>>>>>

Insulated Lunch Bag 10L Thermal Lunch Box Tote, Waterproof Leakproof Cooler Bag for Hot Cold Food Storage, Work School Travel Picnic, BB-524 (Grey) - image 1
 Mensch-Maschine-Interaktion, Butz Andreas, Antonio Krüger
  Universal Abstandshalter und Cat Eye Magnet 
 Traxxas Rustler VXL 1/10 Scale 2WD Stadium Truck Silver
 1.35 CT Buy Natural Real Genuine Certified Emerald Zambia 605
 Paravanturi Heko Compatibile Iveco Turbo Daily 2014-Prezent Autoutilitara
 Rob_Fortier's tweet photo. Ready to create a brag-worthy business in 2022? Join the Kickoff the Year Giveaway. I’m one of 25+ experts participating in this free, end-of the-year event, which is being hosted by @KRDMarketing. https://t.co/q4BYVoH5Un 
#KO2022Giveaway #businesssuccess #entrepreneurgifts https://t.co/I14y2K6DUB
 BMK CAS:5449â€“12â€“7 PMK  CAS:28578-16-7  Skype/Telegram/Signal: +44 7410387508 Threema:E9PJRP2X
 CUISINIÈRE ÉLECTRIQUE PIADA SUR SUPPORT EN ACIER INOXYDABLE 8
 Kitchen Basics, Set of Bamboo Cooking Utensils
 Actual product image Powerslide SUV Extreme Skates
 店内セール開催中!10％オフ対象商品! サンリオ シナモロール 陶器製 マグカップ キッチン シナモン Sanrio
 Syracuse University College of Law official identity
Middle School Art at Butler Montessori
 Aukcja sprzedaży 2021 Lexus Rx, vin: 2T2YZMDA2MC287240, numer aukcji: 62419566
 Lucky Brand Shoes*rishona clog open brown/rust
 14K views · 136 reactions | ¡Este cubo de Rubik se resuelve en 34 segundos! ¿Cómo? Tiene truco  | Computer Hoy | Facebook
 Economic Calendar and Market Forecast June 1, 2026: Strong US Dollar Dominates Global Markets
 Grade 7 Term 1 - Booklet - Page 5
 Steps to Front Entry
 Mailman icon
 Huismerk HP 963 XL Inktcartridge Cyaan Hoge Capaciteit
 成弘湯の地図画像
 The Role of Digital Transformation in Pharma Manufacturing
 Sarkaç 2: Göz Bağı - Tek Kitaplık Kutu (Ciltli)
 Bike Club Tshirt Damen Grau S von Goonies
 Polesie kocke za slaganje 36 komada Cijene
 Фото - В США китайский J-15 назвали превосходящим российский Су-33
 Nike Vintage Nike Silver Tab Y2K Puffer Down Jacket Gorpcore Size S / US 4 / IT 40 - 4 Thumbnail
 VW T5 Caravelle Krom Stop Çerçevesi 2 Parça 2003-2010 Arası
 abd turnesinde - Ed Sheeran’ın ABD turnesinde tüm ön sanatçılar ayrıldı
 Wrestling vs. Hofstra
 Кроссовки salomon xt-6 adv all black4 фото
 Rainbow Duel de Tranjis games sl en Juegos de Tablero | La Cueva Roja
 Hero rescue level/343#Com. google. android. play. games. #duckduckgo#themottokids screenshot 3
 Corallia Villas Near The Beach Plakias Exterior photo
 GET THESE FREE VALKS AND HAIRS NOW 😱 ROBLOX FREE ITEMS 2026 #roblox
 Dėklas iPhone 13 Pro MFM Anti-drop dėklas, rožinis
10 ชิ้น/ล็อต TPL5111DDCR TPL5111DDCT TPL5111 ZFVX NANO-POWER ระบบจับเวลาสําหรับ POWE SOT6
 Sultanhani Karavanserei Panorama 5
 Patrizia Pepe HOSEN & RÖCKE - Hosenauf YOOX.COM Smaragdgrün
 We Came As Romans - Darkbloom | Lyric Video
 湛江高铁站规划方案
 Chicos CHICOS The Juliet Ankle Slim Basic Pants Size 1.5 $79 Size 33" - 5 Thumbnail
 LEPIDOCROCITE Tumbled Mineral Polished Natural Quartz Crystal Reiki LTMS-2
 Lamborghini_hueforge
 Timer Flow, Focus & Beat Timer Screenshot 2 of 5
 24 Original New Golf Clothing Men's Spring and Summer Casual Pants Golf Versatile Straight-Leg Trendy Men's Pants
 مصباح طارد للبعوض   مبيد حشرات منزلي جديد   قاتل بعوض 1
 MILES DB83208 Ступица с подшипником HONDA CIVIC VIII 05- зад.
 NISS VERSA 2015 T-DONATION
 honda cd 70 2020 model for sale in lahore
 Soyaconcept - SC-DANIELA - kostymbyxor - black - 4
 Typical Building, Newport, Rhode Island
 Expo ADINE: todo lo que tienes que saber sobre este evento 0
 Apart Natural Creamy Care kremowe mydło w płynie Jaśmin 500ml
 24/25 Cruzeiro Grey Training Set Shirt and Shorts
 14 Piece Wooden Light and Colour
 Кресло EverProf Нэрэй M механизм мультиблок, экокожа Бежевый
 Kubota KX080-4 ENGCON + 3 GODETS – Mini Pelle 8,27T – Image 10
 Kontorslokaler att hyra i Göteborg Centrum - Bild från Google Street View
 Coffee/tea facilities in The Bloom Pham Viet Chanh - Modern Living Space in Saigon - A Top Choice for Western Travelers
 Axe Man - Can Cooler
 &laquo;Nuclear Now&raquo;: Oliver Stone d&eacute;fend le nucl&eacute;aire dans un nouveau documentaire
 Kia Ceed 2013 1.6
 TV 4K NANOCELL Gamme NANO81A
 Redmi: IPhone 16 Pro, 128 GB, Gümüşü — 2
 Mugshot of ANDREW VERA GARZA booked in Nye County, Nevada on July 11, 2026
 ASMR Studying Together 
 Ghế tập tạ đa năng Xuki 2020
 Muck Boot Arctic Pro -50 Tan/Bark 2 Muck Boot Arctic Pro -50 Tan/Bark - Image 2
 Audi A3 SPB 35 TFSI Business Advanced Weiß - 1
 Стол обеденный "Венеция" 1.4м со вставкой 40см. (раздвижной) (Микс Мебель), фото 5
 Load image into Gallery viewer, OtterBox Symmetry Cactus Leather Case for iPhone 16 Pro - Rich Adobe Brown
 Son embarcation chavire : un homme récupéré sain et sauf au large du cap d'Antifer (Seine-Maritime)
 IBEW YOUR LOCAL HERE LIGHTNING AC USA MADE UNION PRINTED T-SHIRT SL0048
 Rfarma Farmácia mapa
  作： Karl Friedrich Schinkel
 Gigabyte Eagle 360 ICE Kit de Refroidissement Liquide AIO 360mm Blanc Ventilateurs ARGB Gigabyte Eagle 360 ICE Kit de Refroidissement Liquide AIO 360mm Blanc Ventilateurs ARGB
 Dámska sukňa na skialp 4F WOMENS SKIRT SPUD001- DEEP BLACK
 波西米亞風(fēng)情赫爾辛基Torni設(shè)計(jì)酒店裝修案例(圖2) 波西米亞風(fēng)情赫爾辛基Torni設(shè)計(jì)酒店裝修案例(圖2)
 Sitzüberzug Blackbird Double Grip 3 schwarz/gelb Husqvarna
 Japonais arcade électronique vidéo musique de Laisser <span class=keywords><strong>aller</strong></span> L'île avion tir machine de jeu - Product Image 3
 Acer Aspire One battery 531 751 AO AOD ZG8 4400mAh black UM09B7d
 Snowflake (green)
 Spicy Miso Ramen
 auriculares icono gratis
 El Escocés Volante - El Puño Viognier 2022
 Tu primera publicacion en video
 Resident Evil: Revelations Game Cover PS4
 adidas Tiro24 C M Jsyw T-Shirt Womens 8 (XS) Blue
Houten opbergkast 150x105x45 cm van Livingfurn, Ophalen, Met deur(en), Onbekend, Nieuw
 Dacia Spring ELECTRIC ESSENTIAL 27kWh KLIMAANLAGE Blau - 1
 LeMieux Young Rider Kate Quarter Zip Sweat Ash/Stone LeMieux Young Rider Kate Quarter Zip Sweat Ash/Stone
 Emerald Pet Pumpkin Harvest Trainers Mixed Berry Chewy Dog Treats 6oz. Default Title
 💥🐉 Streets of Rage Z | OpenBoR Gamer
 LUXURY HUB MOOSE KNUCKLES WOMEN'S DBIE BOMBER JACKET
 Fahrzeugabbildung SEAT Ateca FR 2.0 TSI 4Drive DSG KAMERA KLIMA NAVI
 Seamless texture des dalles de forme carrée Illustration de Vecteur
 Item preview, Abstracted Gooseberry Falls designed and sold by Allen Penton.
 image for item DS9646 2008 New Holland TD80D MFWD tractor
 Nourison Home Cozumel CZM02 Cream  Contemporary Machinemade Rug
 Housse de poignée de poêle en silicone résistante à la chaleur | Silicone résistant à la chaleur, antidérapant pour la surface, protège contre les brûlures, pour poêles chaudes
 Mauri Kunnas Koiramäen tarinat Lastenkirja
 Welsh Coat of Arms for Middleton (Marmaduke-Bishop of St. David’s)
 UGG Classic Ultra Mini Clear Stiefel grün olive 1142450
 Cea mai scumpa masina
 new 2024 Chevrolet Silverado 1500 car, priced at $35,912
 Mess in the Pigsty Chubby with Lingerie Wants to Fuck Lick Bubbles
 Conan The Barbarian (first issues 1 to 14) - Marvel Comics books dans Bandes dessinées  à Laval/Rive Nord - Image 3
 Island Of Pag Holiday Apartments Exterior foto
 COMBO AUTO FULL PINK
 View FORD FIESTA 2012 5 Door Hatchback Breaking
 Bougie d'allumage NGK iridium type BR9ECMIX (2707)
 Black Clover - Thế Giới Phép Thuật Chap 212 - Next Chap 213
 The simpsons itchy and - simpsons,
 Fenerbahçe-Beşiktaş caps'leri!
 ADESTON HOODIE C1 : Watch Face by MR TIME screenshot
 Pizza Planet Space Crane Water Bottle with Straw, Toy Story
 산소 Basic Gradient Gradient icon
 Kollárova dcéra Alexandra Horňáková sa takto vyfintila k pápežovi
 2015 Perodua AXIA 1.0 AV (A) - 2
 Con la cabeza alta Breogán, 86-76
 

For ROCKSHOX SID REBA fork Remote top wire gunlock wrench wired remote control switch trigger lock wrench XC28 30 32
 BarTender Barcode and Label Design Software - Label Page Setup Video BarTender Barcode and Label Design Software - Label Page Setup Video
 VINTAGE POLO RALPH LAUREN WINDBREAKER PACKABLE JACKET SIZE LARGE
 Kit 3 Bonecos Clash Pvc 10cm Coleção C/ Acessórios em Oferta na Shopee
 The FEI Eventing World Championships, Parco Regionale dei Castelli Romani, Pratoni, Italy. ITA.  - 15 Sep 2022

<<<<<

Scan the data above; copy every line where "Cooler" appears.

Insulated Lunch Bag 10L Thermal Lunch Box Tote, Waterproof Leakproof Cooler Bag for Hot Cold Food Storage, Work School Travel Picnic, BB-524 (Grey) - image 1
 Axe Man - Can Cooler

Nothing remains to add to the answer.